Cha Cha Real Smooth - Movie Review

Critics Score - 8 of 10

General Audience Score - 8 of 10

Cooper Raiff is an up and coming writer, director and producer in Hollywood that general audiences will start to notice soon. After critics responded well to his debut film S#!% House back in 2020, he’s back for another round with Cha Cha Real Smooth. After debuting back at the Sundance Film Festival, which is where I got to see it in January, and after winning the U.S. Dramatic Competition Audience Award, Apple purchased Cha Cha for a reported $15 million dollar price tag. It just dropped into theatres and streaming on Apple+ last month, and while it’s ultimately a film about, life, love and heartache, general audiences and critics alike can enjoy the melancholic emotional beats the movies hits. The humor, likeable characters and their relationships that the screenplay gives us to work with are well above average and they make this romantic drama/comedy one of the better ones I’ve seen in a while. So hit the dance floor the next time you cue up Apple+, while you wait for Severance Season 2, and shake what you got with the lovable Cooper Raiff and Cha Cha Real Smooth.

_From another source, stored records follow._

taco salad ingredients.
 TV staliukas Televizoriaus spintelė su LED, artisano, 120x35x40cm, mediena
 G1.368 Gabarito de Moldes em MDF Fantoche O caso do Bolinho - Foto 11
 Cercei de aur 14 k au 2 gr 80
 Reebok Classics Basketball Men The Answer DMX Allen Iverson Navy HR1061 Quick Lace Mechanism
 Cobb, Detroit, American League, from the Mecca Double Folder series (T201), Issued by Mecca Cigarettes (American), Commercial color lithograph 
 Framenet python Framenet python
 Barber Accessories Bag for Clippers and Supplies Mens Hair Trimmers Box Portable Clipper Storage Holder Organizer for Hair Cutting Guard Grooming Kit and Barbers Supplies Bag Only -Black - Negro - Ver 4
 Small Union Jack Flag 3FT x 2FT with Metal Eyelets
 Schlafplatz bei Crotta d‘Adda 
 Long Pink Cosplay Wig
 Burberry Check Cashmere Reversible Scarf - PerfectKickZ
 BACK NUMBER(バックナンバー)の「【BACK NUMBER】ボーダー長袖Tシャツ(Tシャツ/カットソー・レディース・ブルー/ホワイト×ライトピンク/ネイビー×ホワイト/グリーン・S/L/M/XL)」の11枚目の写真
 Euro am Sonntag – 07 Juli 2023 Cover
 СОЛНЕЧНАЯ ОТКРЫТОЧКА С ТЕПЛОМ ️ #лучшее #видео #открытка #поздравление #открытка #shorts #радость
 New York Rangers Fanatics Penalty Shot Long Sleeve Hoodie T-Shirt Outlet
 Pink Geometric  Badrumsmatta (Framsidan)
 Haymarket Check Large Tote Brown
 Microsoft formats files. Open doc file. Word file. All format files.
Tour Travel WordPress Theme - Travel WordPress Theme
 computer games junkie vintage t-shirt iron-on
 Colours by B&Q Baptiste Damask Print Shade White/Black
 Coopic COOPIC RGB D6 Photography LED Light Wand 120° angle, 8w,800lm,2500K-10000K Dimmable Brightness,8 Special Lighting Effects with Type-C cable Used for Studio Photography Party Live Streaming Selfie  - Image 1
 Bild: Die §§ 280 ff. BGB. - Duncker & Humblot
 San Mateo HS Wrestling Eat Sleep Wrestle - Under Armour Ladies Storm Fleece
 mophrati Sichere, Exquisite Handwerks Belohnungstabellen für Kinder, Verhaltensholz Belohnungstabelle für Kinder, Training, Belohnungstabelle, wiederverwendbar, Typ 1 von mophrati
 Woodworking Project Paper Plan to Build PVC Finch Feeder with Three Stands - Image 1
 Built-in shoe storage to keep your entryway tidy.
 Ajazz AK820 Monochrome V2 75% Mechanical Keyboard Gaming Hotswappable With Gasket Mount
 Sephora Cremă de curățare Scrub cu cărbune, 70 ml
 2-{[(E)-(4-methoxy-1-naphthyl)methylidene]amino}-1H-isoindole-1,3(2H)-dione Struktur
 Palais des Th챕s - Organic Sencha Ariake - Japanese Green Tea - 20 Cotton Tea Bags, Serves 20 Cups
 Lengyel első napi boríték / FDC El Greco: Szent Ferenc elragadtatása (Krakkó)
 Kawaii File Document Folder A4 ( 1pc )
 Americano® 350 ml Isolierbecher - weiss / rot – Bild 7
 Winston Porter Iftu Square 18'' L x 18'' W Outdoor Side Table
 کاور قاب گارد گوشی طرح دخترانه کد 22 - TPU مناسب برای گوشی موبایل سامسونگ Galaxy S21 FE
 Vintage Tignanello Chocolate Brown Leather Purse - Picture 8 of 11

SYNOPSIS - As the film opens, we hear Lupe Fiasco’s The Show Goes On playing at a party and we see a young boy of eleven or twelve dancing. We quickly ascertain he’s got his eye on a much older, probably twenty-something year old girl, wearing a black and white referee shirt that’s directing the dances. This is confirmed when he grabs his mom (Leslie Mann) and takes her out into a hallway and says, “Mom, I’m in love.” After the party he walks across the street as she’s getting in her car to leave, he approaches her and pours out his pre-teen heart. The following scene of him riding home in the backseat, the camera outside the car window catching the reflections of the passing lights as they flickering across a dejected little boy’s face tells us all we need to know about how it all went down. We skip forward ten years and the young man Andrew (Cooper Raiff) has become an adult who’s still a bit vexed in the ways of life and love. In this post school life, his girlfriend is heading off to Barcelona, he hasn’t quite figured out what he wants to do in life and is content to just tread water for the time being. In the meantime, he manages to get an unfulfilling job at a hot dog chain restaurant called Meat Sticks, while he moonlights as a sitter to take his teen brother David (Evan Assante) to bar mitzvah’s. This is where he first meets Domino (Dakota Johnson) and her puzzle-loving autistic daughter Lola (Vanessa Burghardt), whom he immediately befriends and persuades to join him on the dance floor.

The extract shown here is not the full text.